Friday, May 4, 2007

Death is inconceivable for the young in America.


Man Dies of Thirst During Survival Test

By ED WHITE, Associated Press Writer
Wednesday, May 2, 2007

Well, I'd like to say this article (from http://www.sfgate.com) is not intimidating me (on some level, anyway), given that this is the exact program I'm attending in 3 weeks. But it is (on some level, anyway). Then again, it's easy to separate "me" from "the other". And how can "me" die? I mean, I'm 28. So this story might as well be a work of fiction (on some level, anyway).

Sure, I'm expecting some discomfort; I'm expecting some pain - on all sorts of levels. In fact, I'm sure this two week Field course I've signed up for at Boulder Outdoor Survival School (BOSS) will be the most mentally demanding thing I'll have done - ever.

SHIT, though, I wish I didn't know the guides carry "emergency water" - a tidbit gleaned from the article. It's either going to make me more bold (ex. oh, this course is *so safe* out here in the seemingly endless desert), or less bold (ex. pleading for that liquid like a baby when I don't *need* it). And, further, I wonder if this guy dying has affected the guides on any level. I mean, I know that every trip affects the guides/staff of BOSS insofar as they should learn something, able to apply even subconscious lessons to future courses, but having someone DIE under your tutelage is such a dramatic outcome, you would think it affects them to a different - a higher - degree. In short, I hope the course I'll be taking - the first Field course of 2007 (the story in the article is actually from an episode last year) - is the "standard" one they've been doing for ages. And the school hasn't overreacted, either to coddle folks this year.. or to go the opposite direction: to say, people signed them waivers so, hey, we're going to give it to them (just to prove the point that this stuff is "real")!

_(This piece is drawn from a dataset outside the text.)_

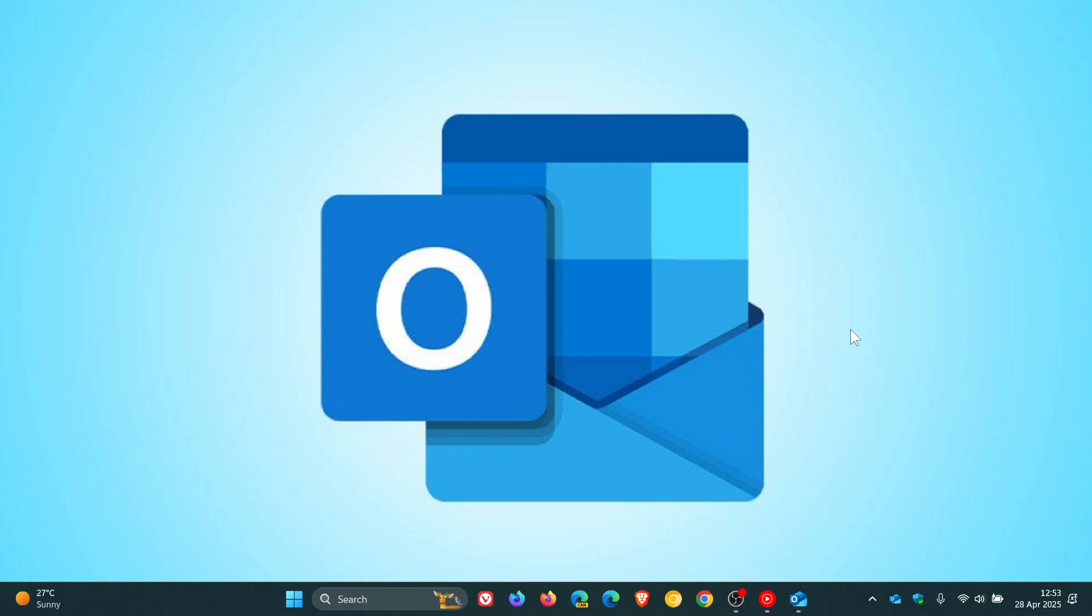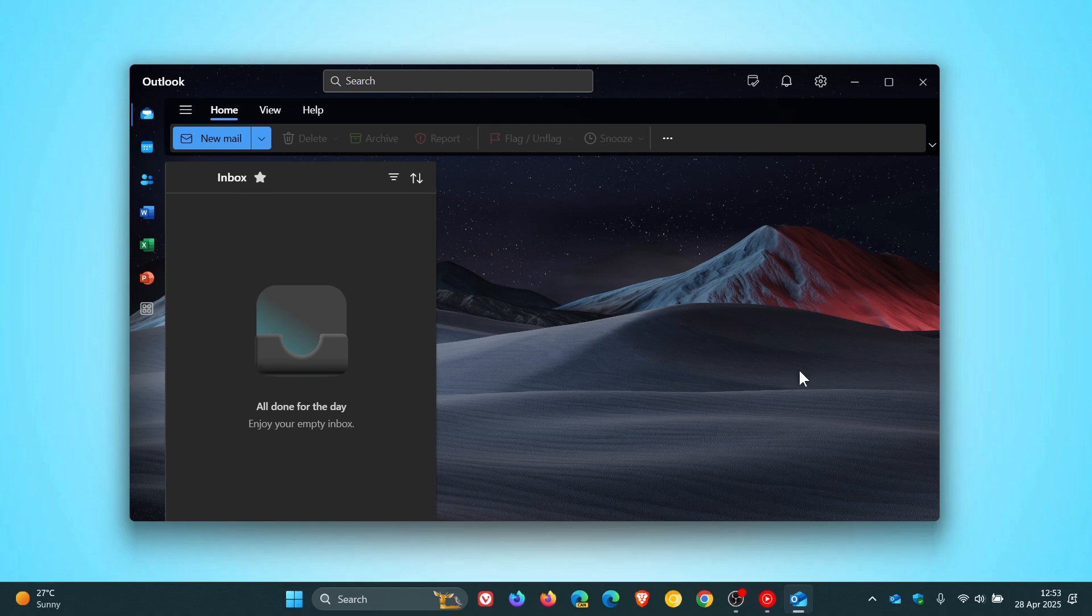Hi, Brent Tech here where Tech is Made Simple. So a couple of days ago I posted a video asking you the question, is Microsoft sabotaging Classic Outlook for the new Outlook for Windows?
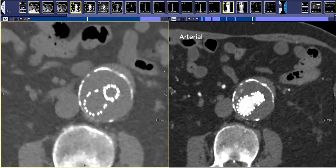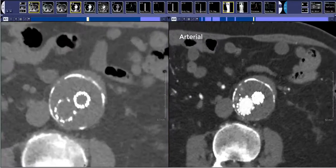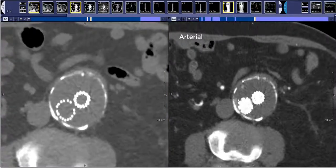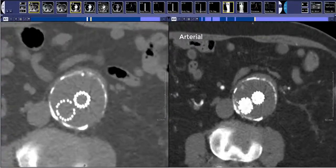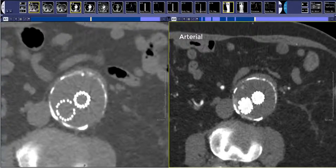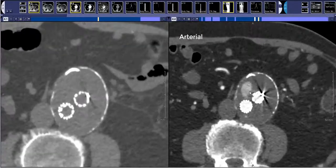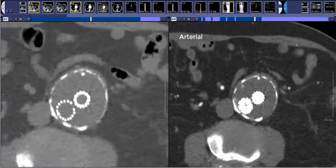Zooming in on this phase, what you're looking for is the excluded part of the aneurysm and to see if there's any high attenuation contrast material. We can verify that this is not in fact calcification because it does not appear on the non-contrast scan. So that's what an endoleak looks like. In this case it was likely a type 2 endoleak.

Yeah, so again, I still must admit the course is little more intimidating (again, on some level) after reading this article, if only because it reminds me that this "trip" (how innocuous a description!) is almost upon me, and, further, that this "trip" is something totally outside my experience. But that's why I'm doing it (or, at least, that's what I'm telling myself - ha!). There is the physical challenge, of course; there are the specific outdoor skills to learn, of course; but it is the prospect to live outside my comfort zone for a little bit, and hopefully develop my ability to deal with uncomfortable situations (of which there will be many during the two weeks, I'm sure) - that is the real draw for me.

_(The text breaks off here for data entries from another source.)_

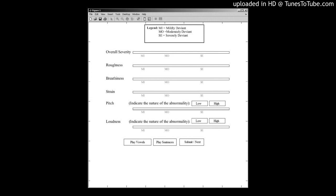Auditory Perceptual Evaluation was conducted according to CAPE-V and Grade, Roughness, Breathiness, Asthenia, and Strain (GRBAS) scale by two ear, nose, and throat specialists and two speech and language therapists. The different types of voice disorders, classified as organic and functional disorders, were compared in terms of their CAPE-V scores.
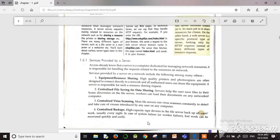The second service is centralized file saving for data sharing. The server allows users to save files to their home directories on the file server, and workers can load their documents on any network computer. In the network, there are many computers, and data can be stored on the server so that other computers — the clients — can retrieve that data.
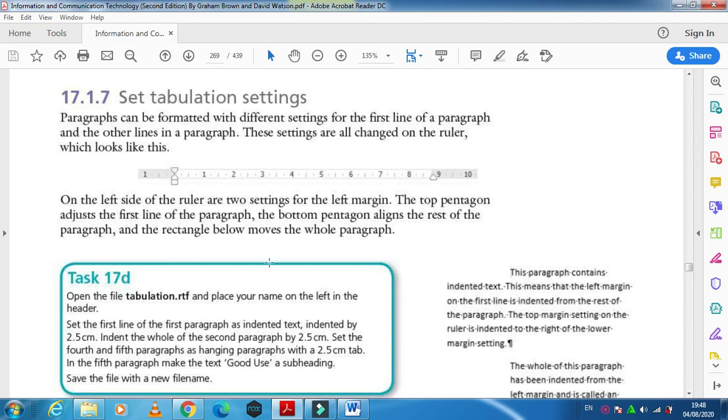Hi students, I'm here today to explain about tabulation settings. Tabulation setting means how you indent different kinds of paragraphs. Paragraphs are actually indented in three ways: first line indent, whole paragraph indent, and hanging indent.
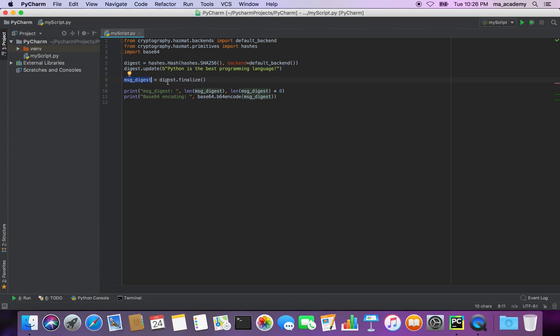Notice this digest object — this time I'm using the finalize() function of it. What finalize() does is it finalizes the digest — I am done updating, which I did above. I can have four, five, or as many strings as I want; all I have to do is add more update() calls and specify the string.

One last source of doubt.. I haven't been running and biking the past couple of months because of my knee problems, and this adds to my worry from a physical perspective. I have such a positive history with those things; they make me feel strong - physically, of course, but also mentally. And when I feel "in shape" - a complicated, or at least nuanced idea - it's hard to intimidate me. At the least, their sporty replacements - swimming and climbing - are going well; in fact, my climbing has never been better. So, yeah, I know I'll be fine overall from a physical perspective, despite the minor doubts. I just need to keep reminding myself of that.

Again, it's "me" and I'm 28. Death is inconceivable for the young in America.

1 comment:

Mathew said...

This boss thing rubs me the wrong way, what with the killing a sheep by hand and the dying from thirst. I leave it to you Eric. Back to basics. Maybe you should become Amish, do they have any Amish at Intel?